*** Block opens ***

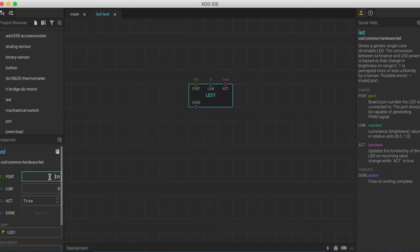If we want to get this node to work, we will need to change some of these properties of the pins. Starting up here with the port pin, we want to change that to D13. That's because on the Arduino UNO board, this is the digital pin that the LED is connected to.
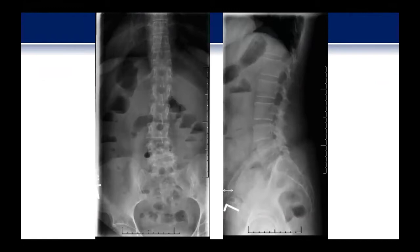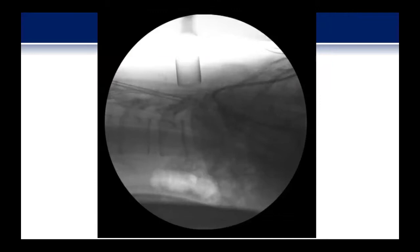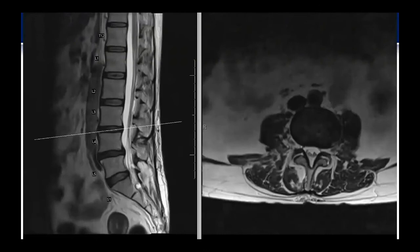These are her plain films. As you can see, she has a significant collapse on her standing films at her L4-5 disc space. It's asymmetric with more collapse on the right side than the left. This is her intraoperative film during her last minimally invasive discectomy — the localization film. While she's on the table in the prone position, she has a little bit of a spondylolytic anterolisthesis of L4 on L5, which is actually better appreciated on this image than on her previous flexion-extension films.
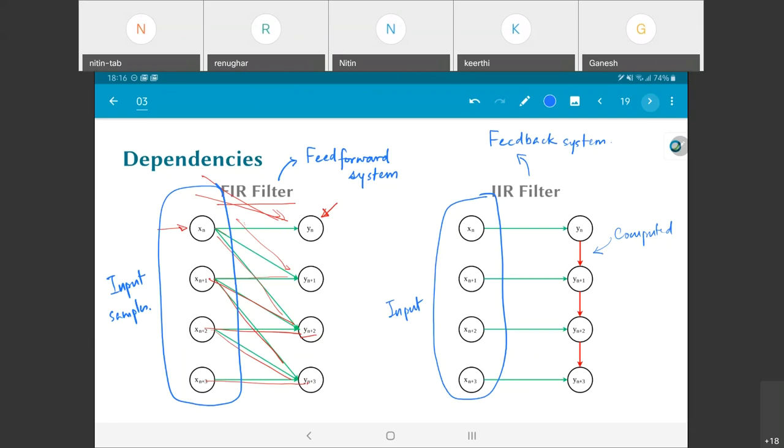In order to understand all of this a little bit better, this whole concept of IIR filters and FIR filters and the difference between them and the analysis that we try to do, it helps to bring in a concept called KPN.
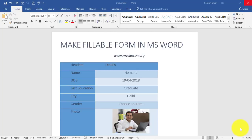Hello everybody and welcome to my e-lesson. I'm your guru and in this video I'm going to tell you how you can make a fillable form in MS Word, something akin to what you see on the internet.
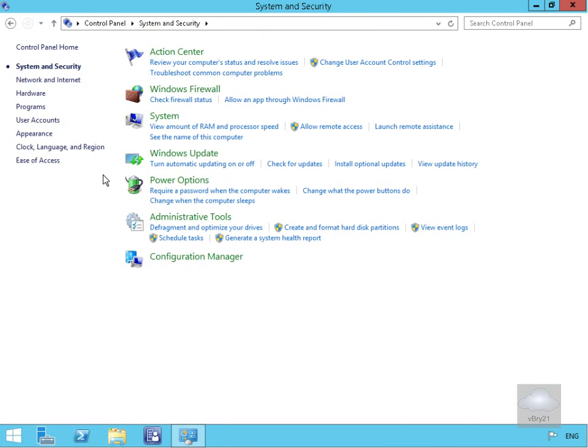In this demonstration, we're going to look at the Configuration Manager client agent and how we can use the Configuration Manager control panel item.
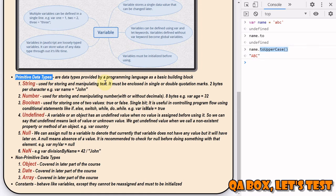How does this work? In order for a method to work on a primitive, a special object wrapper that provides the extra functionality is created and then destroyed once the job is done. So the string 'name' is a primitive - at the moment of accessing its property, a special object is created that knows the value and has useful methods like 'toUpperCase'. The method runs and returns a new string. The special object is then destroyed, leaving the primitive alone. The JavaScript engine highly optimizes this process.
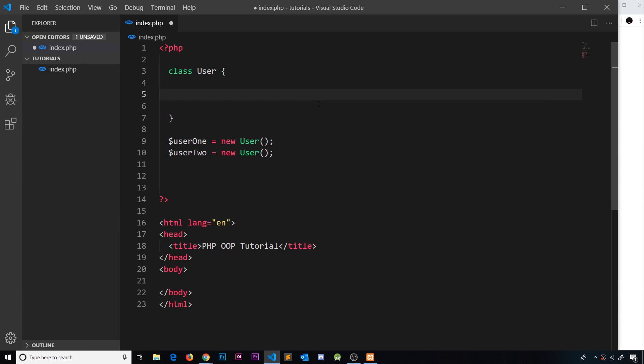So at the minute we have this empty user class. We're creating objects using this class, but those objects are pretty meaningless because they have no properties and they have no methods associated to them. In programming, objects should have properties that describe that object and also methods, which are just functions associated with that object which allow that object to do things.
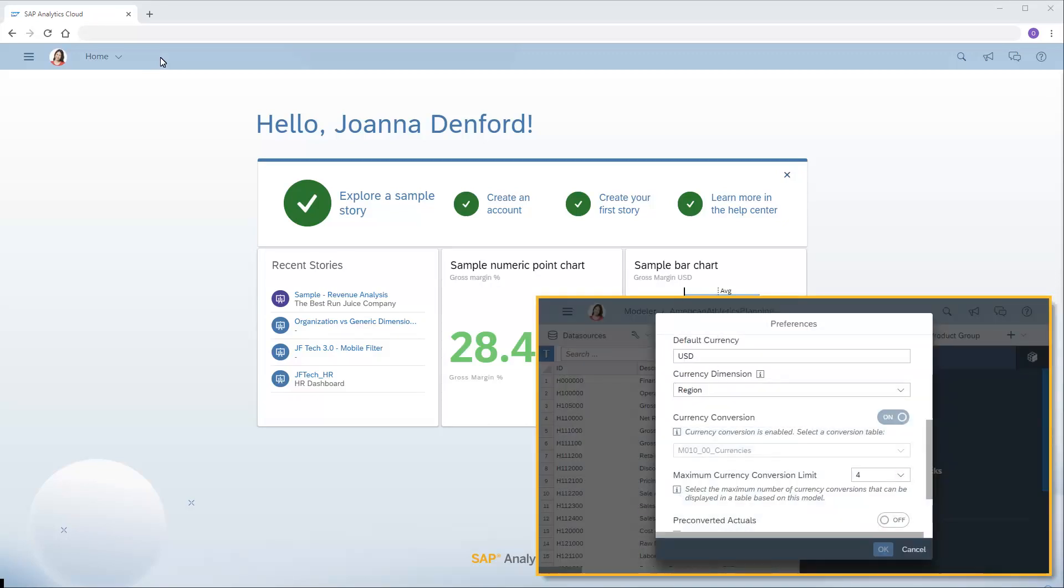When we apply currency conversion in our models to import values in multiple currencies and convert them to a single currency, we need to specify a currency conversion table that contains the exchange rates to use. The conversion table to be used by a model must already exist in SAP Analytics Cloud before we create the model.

*** Block closes ***
*** Block opens ***

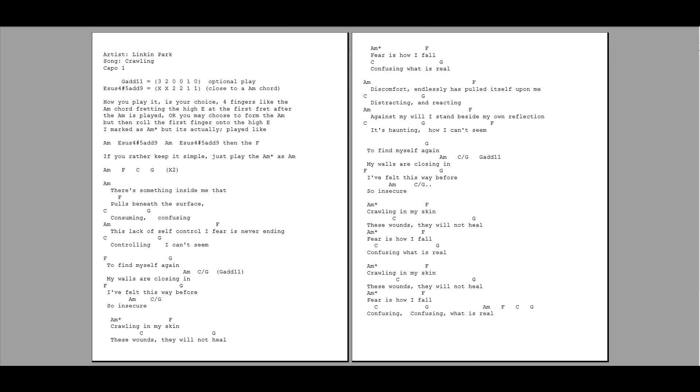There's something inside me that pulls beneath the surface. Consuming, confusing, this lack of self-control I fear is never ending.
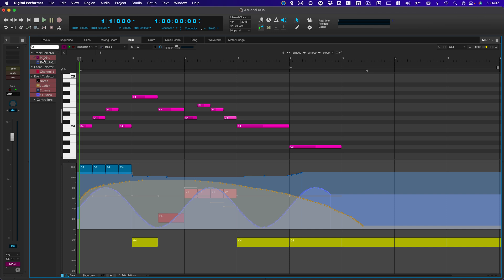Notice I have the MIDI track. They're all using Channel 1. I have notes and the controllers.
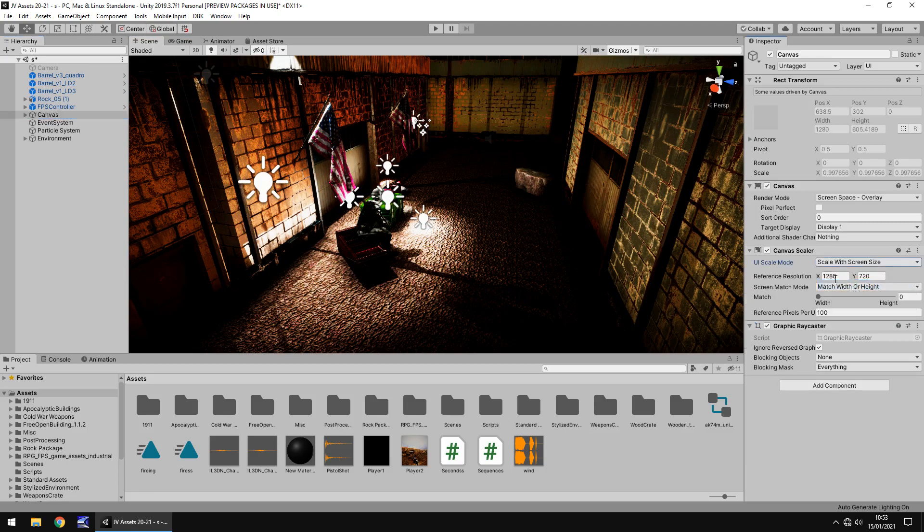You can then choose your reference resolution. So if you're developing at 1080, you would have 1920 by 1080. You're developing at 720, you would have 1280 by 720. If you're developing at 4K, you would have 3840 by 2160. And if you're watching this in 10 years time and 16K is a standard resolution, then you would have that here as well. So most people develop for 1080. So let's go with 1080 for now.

*** Block closes ***

## YOUR INSTRUCTIONS
The material above holds pictures; leave them out and set down exactly the lines from the line with "Hello everybody and" to the line with "When we apply", both included.

## ANSWER TO THIS PROBLEM
Hello everybody and welcome to my e-lesson. I'm your guru and in this video I'm going to tell you how you can make a fillable form in MS Word, something akin to what you see on the internet.
In this demonstration, we're going to look at the Configuration Manager client agent and how we can use the Configuration Manager control panel item.
How does this work? In order for a method to work on a primitive, a special object wrapper that provides the extra functionality is created and then destroyed once the job is done. So the string 'name' is a primitive - at the moment of accessing its property, a special object is created that knows the value and has useful methods like 'toUpperCase'. The method runs and returns a new string. The special object is then destroyed, leaving the primitive alone. The JavaScript engine highly optimizes this process.
So at the minute we have this empty user class. We're creating objects using this class, but those objects are pretty meaningless because they have no properties and they have no methods associated to them. In programming, objects should have properties that describe that object and also methods, which are just functions associated with that object which allow that object to do things.
When we apply currency conversion in our models to import values in multiple currencies and convert them to a single currency, we need to specify a currency conversion table that contains the exchange rates to use. The conversion table to be used by a model must already exist in SAP Analytics Cloud before we create the model.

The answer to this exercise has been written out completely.